Regierung(en) Stresemann und das Ende der Ruhrbesetzung

13. August bis 4. Oktober 1923

6. Oktober bis 23. (bis 30. treuhänderisch) November 1923

Nach dem Rücktritt der Regierung Cuno am 12.08.1923 musste die Monopolbourgeoisie Wege aus den Krisen finden. Es musste die (Hyper-)Inflation eingedämmt und die Wirtschaft in Gang gesetzt werden.

Voraussetzung dafür war eine wie auch immer geartete Einigung mit den Franzosen bei der Ruhrbesetzung und die Einwerbung von Krediten zur Belebung der Wirtschaft.

Stresemann war als Parteivorsitzender der DVP[1] der Einzige, der zur Verfügung stand, um auch die Sozialdemokraten wieder mit ins Boot holen zu können. Die Beteiligung der Sozialdemokraten an der neuen Regierung war notwendig, um den Bestrebungen der Arbeiterklasse zur sozialistischen Umwälzung die Spitze zu nehmen. Und er hatte gute Verbindungen zu den Kreisen, die die amerikanische Unterstützung gegen den französischen Imperialismus vermitteln konnte. Dabei war ihm klar, dass er mit schwersten Angriffen von Seiten der Reaktionäre rechnen musste.
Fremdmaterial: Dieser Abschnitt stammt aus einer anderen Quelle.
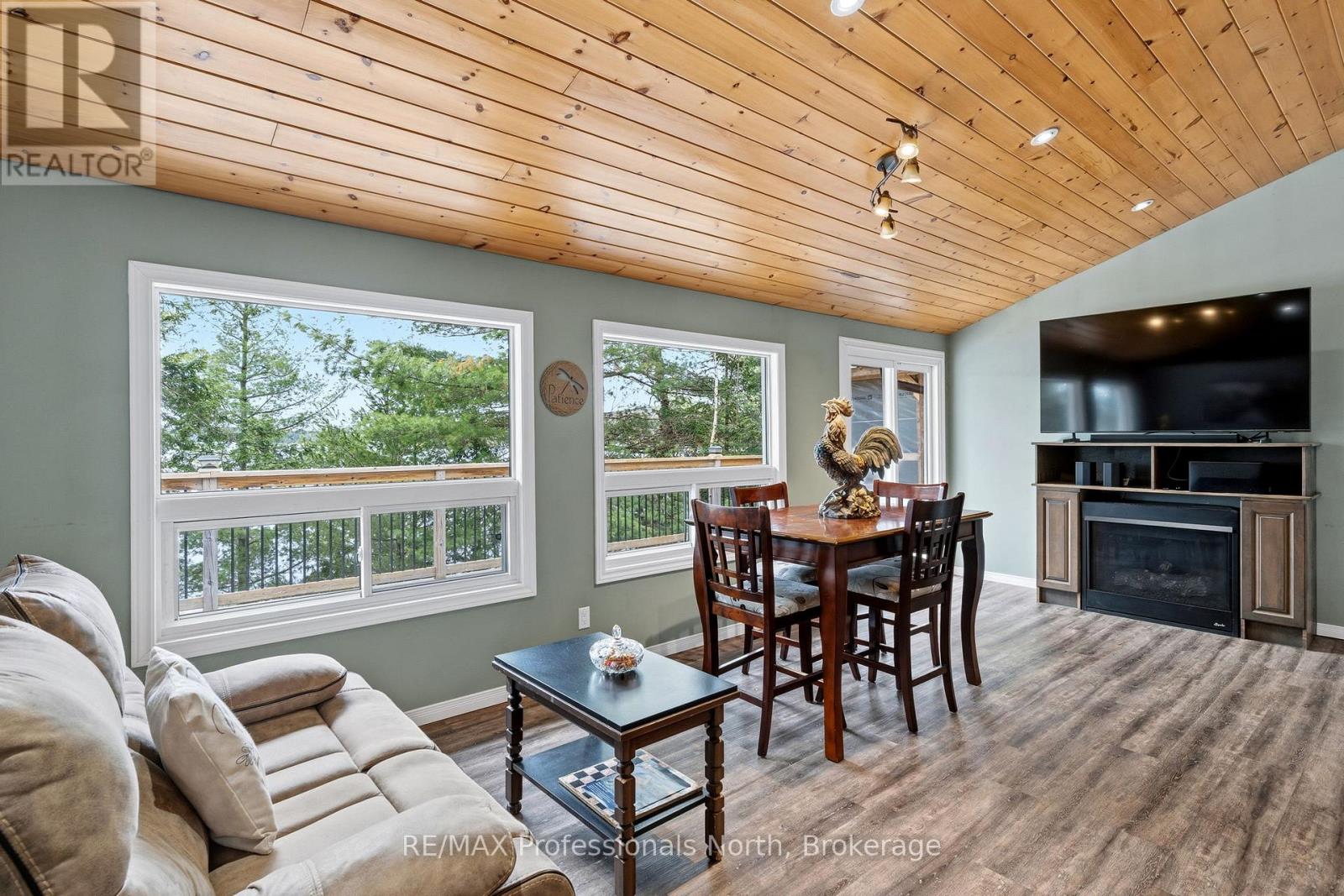 5543 Kennisis Lake Road, Dysart Et Al, Ontario  K0M 1S0 - Photo 10 - X13030428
Er war der Vertreter des Teils der Monopolbourgeoisie, der sich bewusst war, dass ein Wiederaufstieg des deutschen Imperialismus an die Weltspitze zu diesem Zeitpunkt nicht mit Verfassungsbruch und Terror, sondern mit relativer Ruhe und Ordnung im Land zu bewerkstelligen war.

Die ersten Maßnahmen des Wirtschaftsministeriums waren, die Inflation einzudämmen. Dafür musste mit der französischen Regierung ein Abkommen zur Räumung des besetzten Ruhrgebiets geschlossen werden. Stresemann bot das Ende des „passiven Widerstandes“ an und „einen Teil der deutschen Wirtschaft als Pfand für die Durchführung der Reparationen[2]. Erste Verhandlungen scheiterten am Widerstand Poincarés, so dass die deutsche Regierung das bedingungslose Ende des Widerstands am 26. September 1923 verkündete. Anfang Oktober kam es zu einer Regierungskrise durch die Forderung nach einem Ermächtigungsgesetz durch Reichsfinanzminister Hilferding (SPD) und Arbeitsminister Braun (Zentrum), das vor allem auf eine Abschaffung des 8-Stunden-Tags und einem „Bruch mit Frankreich“ zielte. Stresemann trat zurück und Ebert beauftragte ihn erneut mit der Regierungsbildung. Am 6. Oktober wurde als Kompromiss die Arbeitszeitfrage ausgespart und das Ermächtigungsgesetz mit den Stimmen der SPD beschlossen, das bis zum Ende der Koalition galt. Nachdem die SPD wegen der Ungleichbehandlung von Sachsen und Bayern die Regierung verlassen hatte, führte Stresemann ein bürgerliches Minderheitenkabinett.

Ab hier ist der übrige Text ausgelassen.